OGNT iniciou a semana carnavalesca com a estréia do sensacional "Filhos de Gandhy", filme documentário que comemora 50 anos do legendário bloco de Carnaval baiano.
A história do Filhos de Gandhy é fascinante por si só. Fundado por 33 estivadores comunistas e namoradores que preferiram excluir as mulheres -segundo eles para evitar brigas e preservar a unidade do grupo-, o bloco mistura referências culturais à missão pacifista do líder indiano, com o repertório musical e religioso do candomblé africano.

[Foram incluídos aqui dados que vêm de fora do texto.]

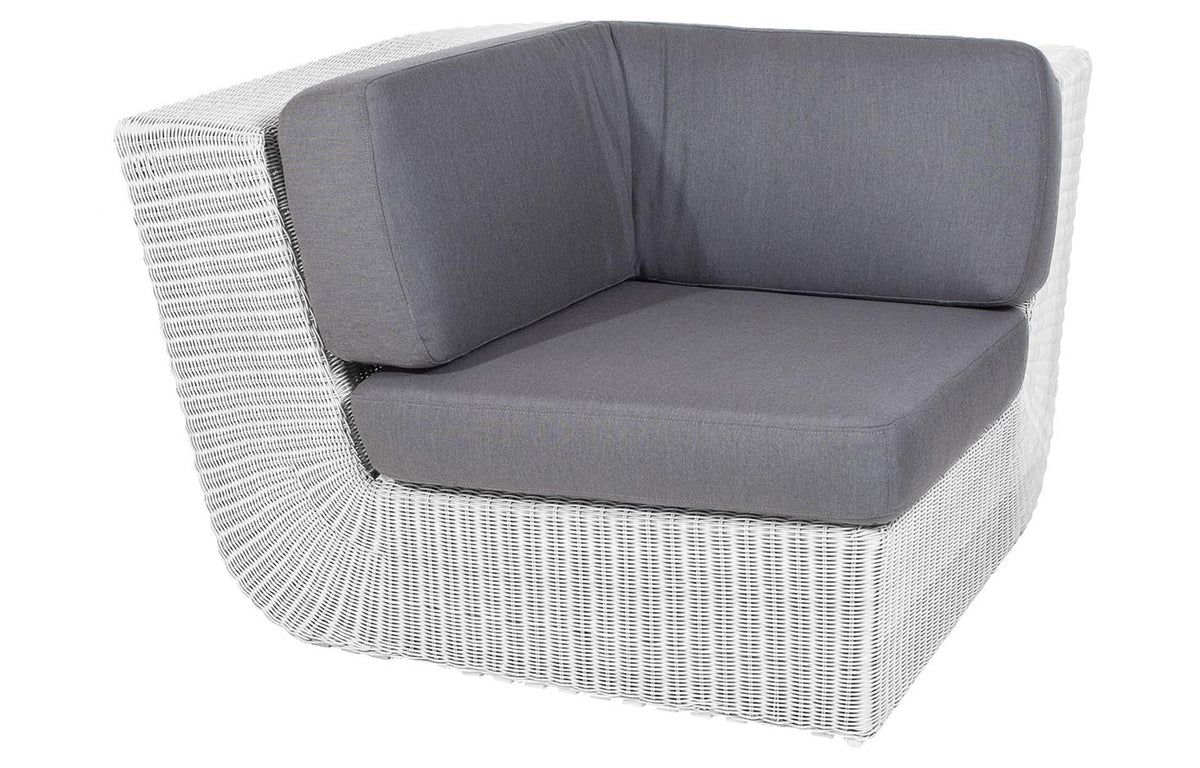 Savannah Corner Module by Cane-Line - White Grey Fiber Weave, Grey Natte Cushion Set.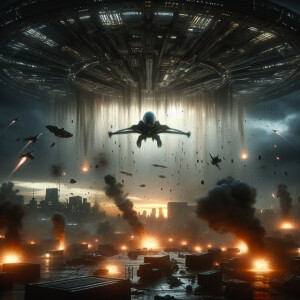 An extraterrestrial mothership hovering over a war-torn city sky...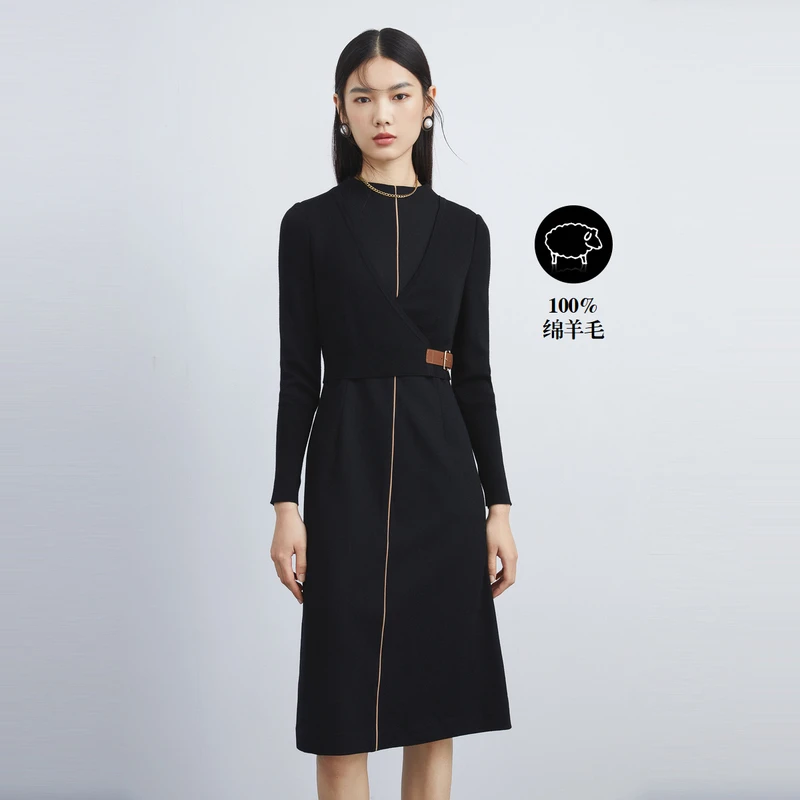 NEXY.CO/奈蔻【袁泉粉丝浮力】绵羊毛女士连衣裙收腰XF02876W0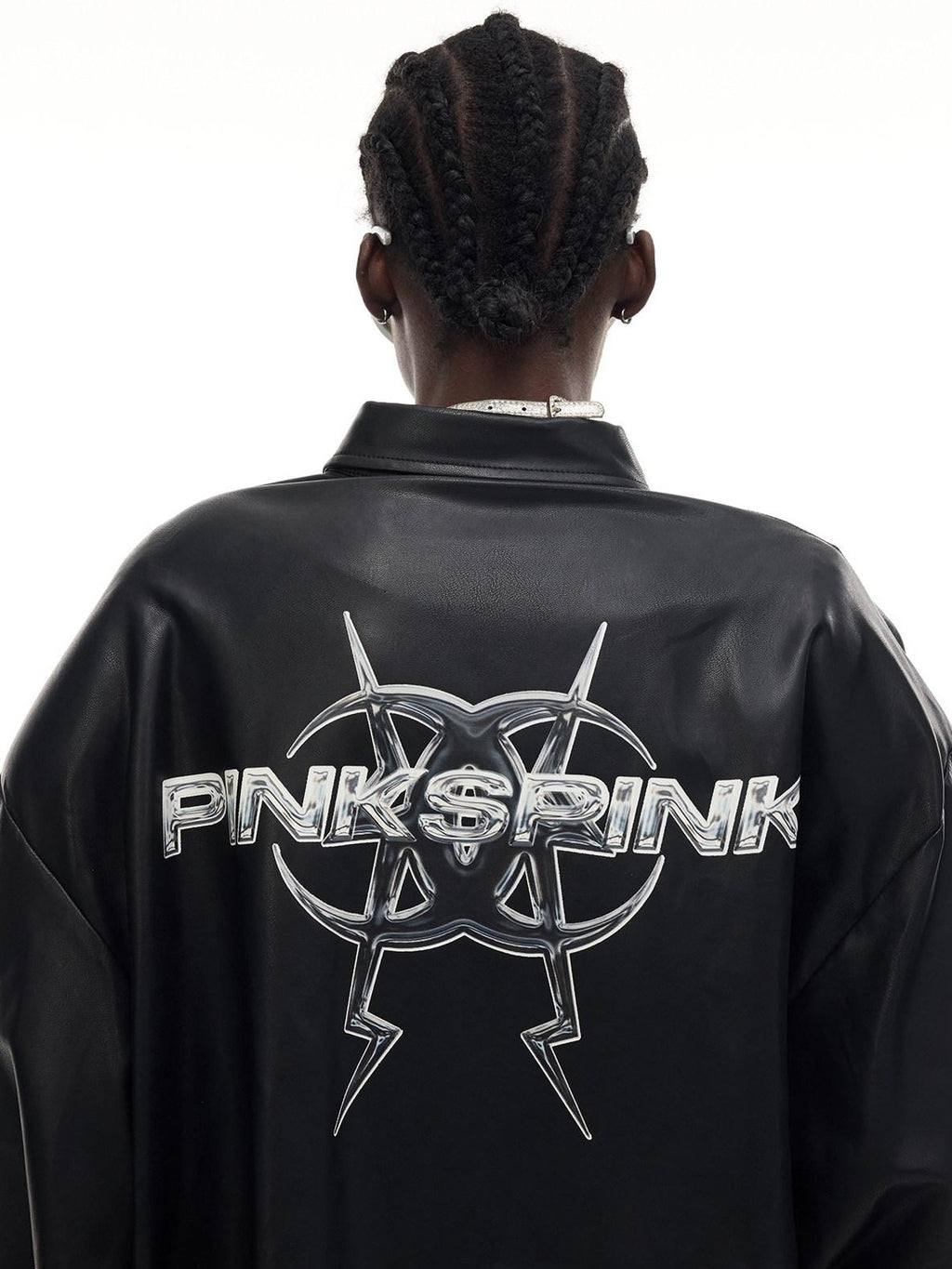 PINKSPINK Black Printed Washed Polo Collar Mid Length Women's Synthetic Leather Jackets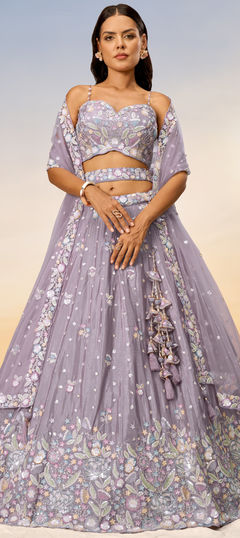 Bridal, Wedding Purple and Violet color Lehenga in Chiffon fabric with Flared Embroidered, Sequence, Thread work : 1952240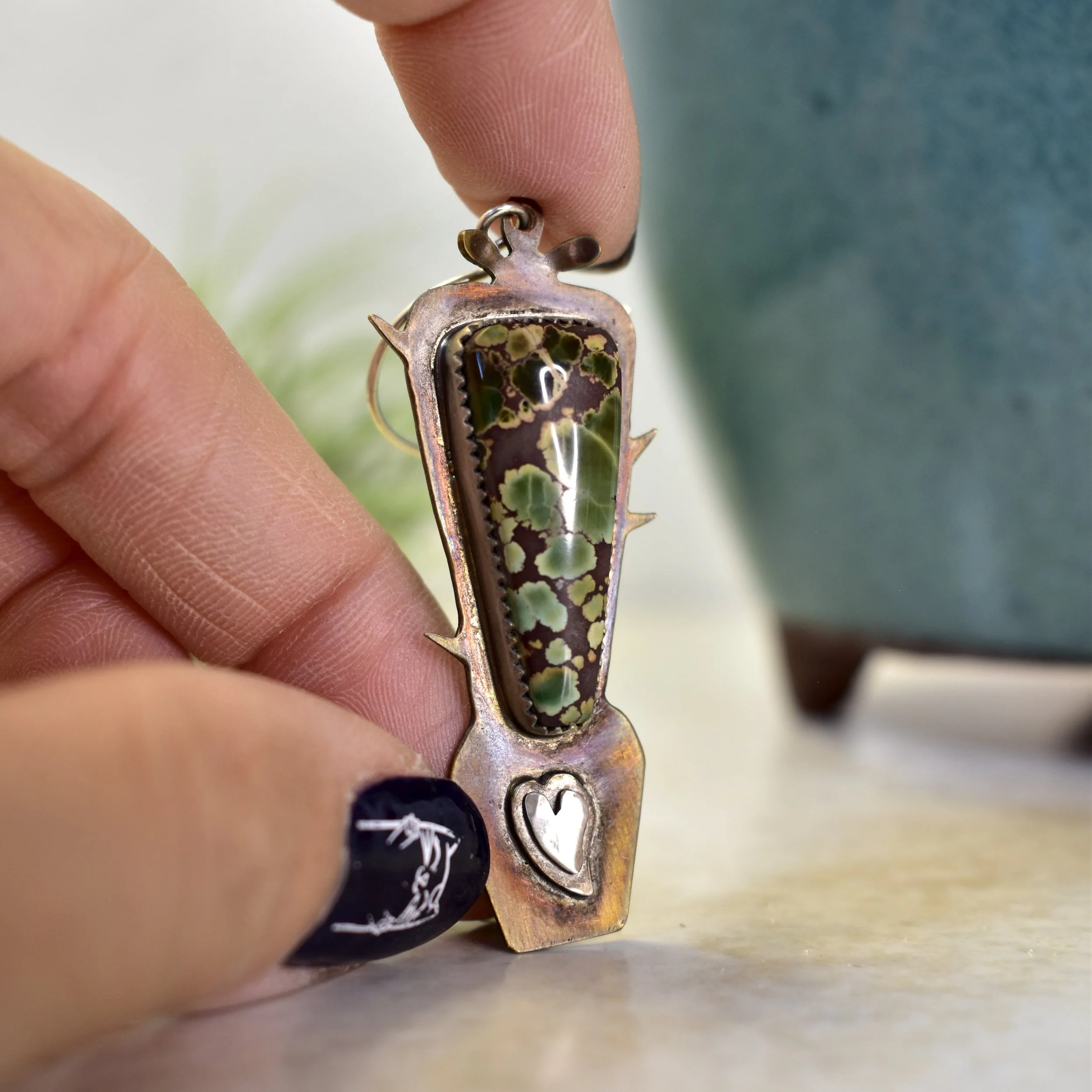 Cactus Earrings- Copper- Turquoise- Little Double Layered Hearts Pot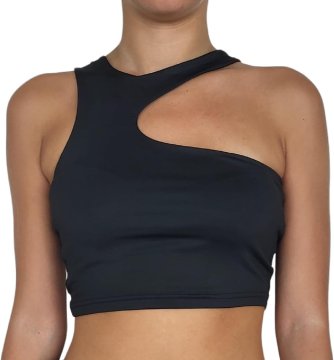 Nikcorp Ženski asimetrični crop top One-Shoulder na jedno rame, crni, veličina S, slim fit, elastična prozračna tkanina, kratki fazon za kombiniranje s trapericama i sportskim tajicama
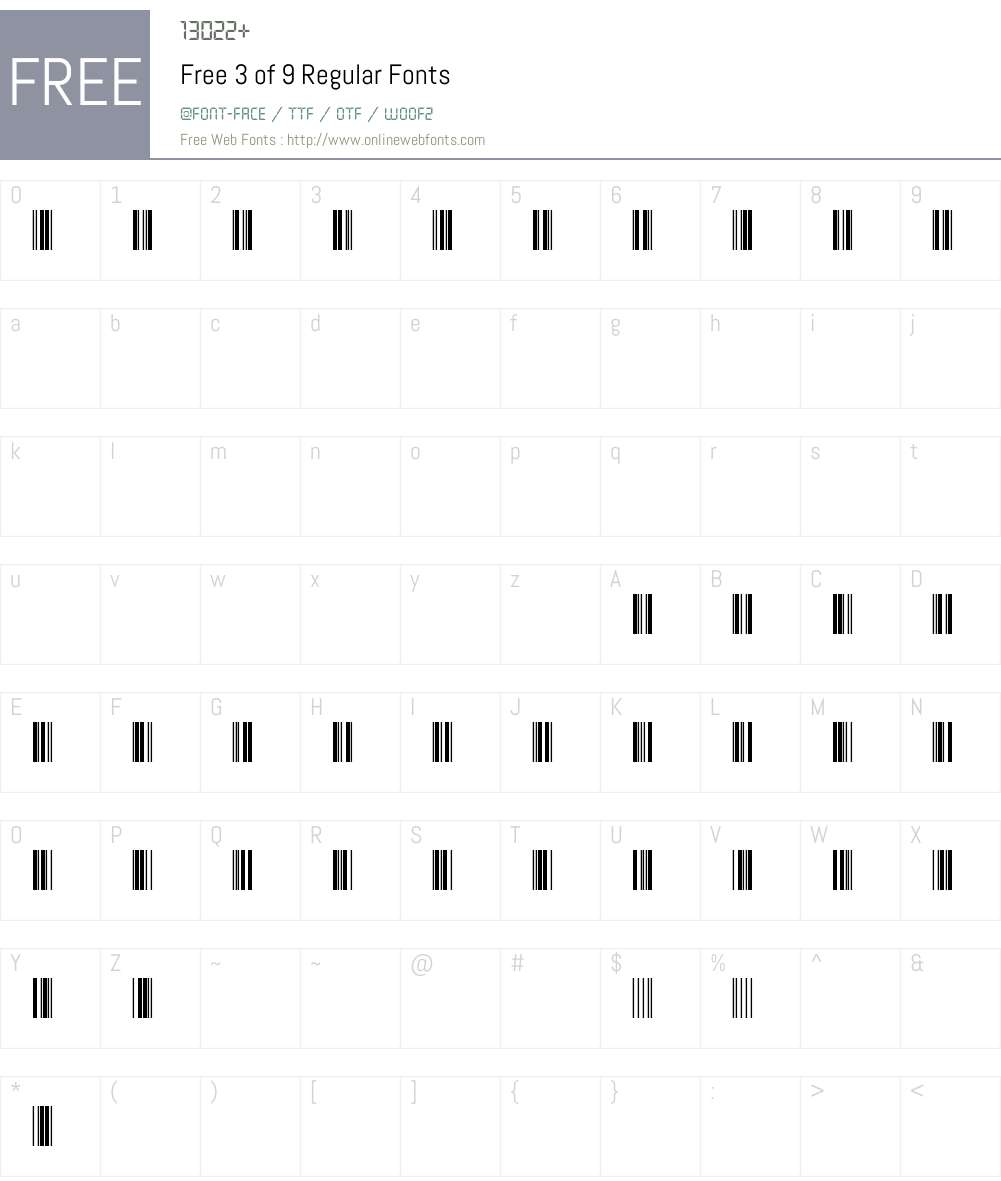 Free 3 of 9 Font Screenshots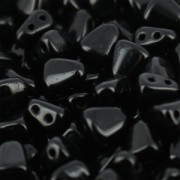 Negro - Cuentas de cristal checo dos agujeros Nib-Bit 6x5 mm - Jet x10g Cuentas de cristal checo dos agujeros Nib-Bit 6x5 mm - Jet x10g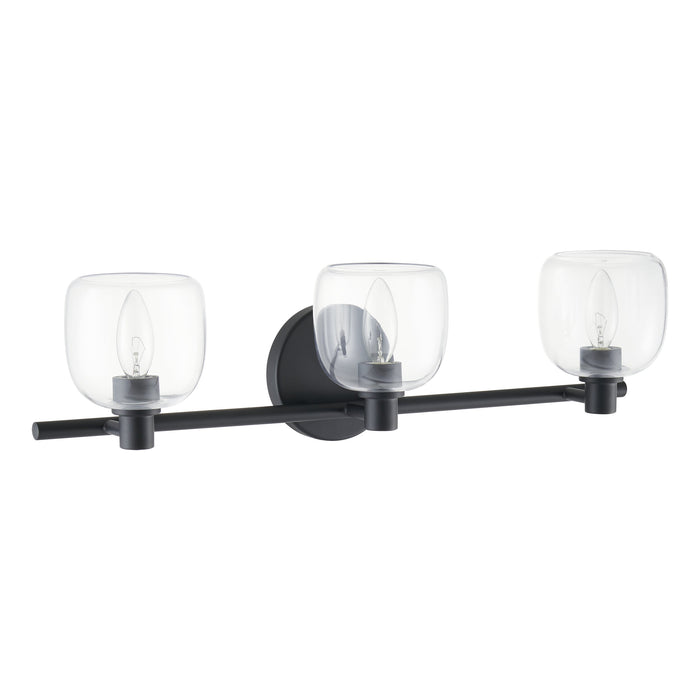 Valentina 24-inch 3-light Matte Black Vanity Light with Clear Glass Shades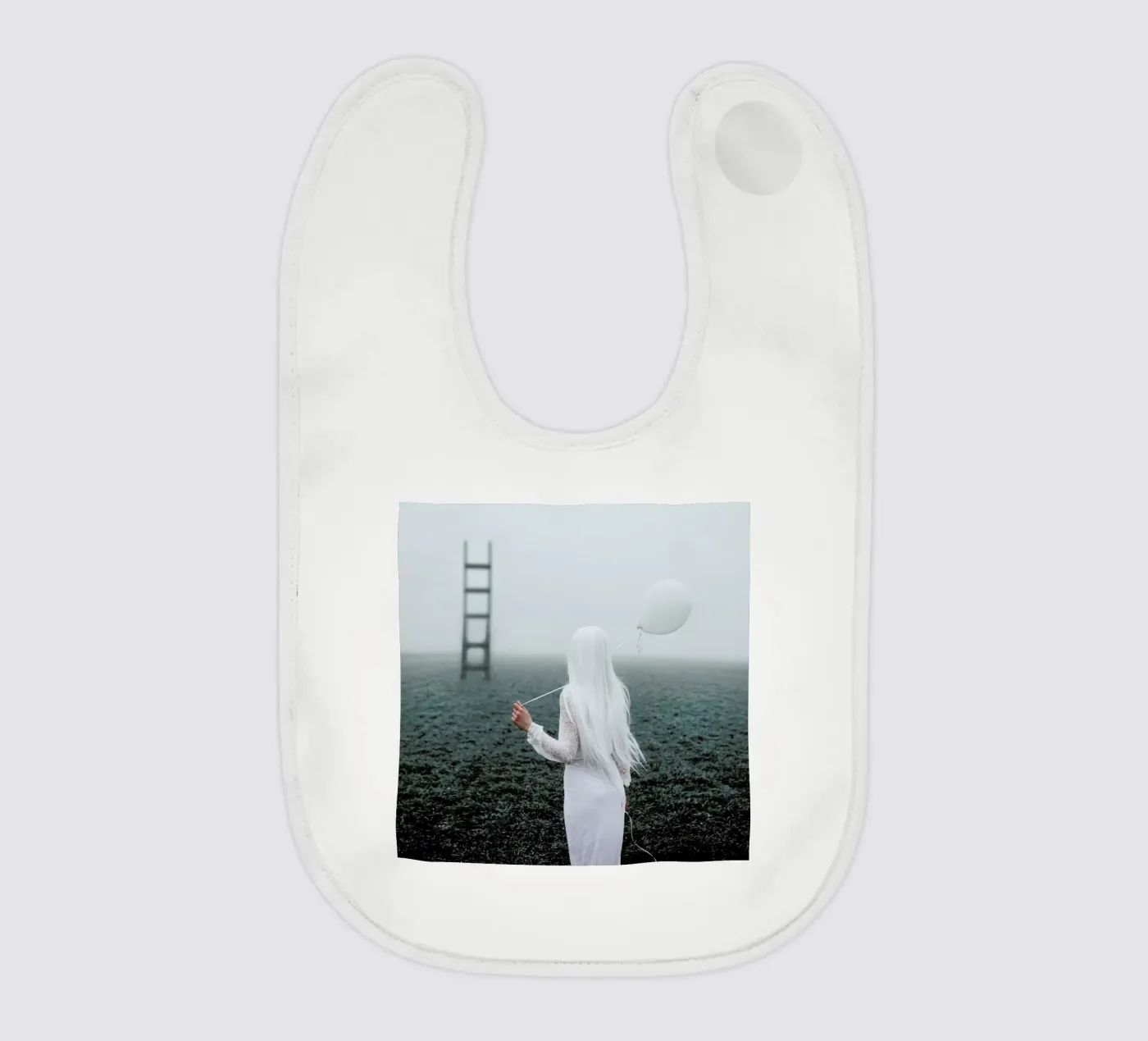 All White baby bib by Jovana Rikalo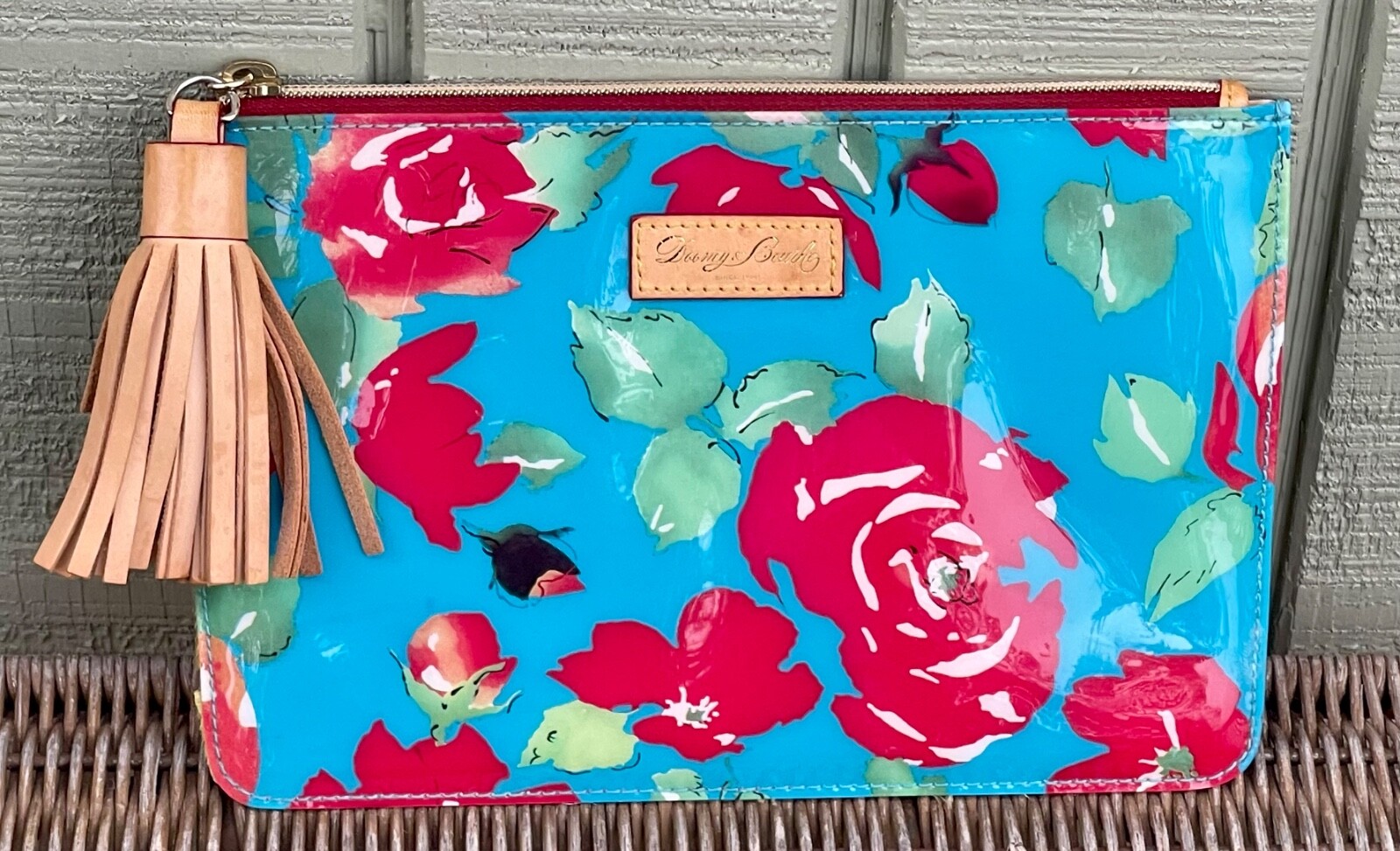 Dooney & Bourke Blue Red Cabbage Rose Carrington Pouch Clutch Tassle Makeup Bag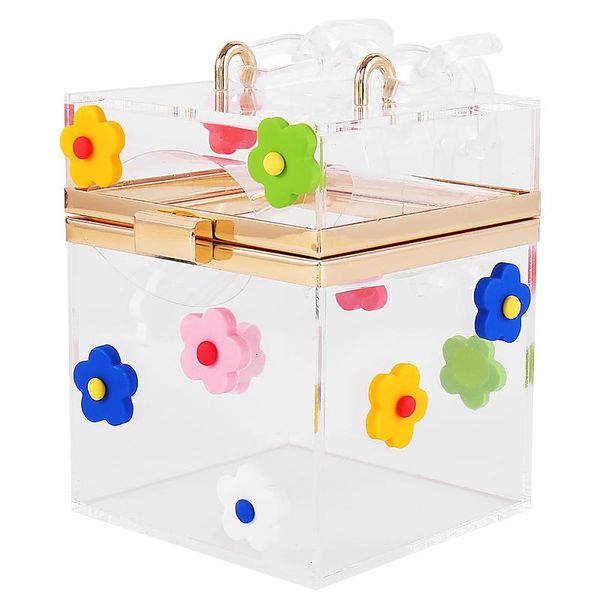 

women flower ransparent square clear fashion party travel nice acrylic box clutches lady purse wallet bolsa feminina handbags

O filme salienta a originalidade de um delicioso pastiche filosófico-político-musical. O nome do bloco, segundo um dos fundadores, veio de um jogo de palavras em torno de "Gunga Din", o nome de um filme popular em Salvador, que mostrava a guerra de homens vestidos de branco e turbante contra o exército inglês.
Na década de 40, Mahatma Gandhy liderou um movimento pacifista pela independência da Índia. O bloco homenageia a luta pela paz do líder hindu. E, no destaque, vai Raimundo, que a essa altura já assina Gandhy, óculos, canga branca, sandálias, cabelos cortados ao estilo ascético da celebridade política.
E 50 anos depois, com 12 mil e tantos membros à época do filme, o bloco não pára de crescer. Atento aos detalhes do cotidiano da associação na preparação do desfile, o documentário filmado em película, dirigido por Lula Buarque de Holanda, com a participação de Gilberto Gil, entrevista os atuais dirigentes, assim como vários fundadores que continuam fiéis e convictos participantes do bloco.
"Filhos de Gandhy" revela com delicadeza a emoção de ser membro dessa comunidade sui generis. A lógica da homenagem axé a Ogum, Ocanha, Oxum, Iansã, Obá, Oxalá. Os olhos de Gilberto Gil se enchem de lágrimas ao descrever a sensação de desfilar como parte daquele coletivo vibrante. Uma massa impressionante meio misógina, de homens vestidos com batas longas e turbantes brancos transmite uma idéia de homogeneidade.
Mas "Filhos de Gandhy" vai além do já valioso recuperar a história de uma das instituições do Carnaval da Bahia. O filme penetra, escrutina e estimula o espírito multicultural que inspira seus membros desde o início e que bem se adapta aos tempos de globalização exacerbada.
A equipe da Conspiração filmes levou Raimundo Gandhy, Gilberto Gil e outros participantes do bloco à Índia. O parente baiano do ídolo local foi reverenciado com flores por mulheres vestidas em cores fortes.
Sua semelhança com o libertador da Índia foi reconhecida em encontros filosóficos-musicais onde brasileiros e indianos experimentaram as diferenças e semelhanças de seus instrumentos específicos. A flauta, o violão, o agogô mediaram a conversa e a performance de uma experiência cultural única. E os foliões de Salvador, que no início dos anos 70, quando Gilberto Gil voltou do exílio, quase deixaram de desfilar, vão transcendendo seu jeito de estar no mundo.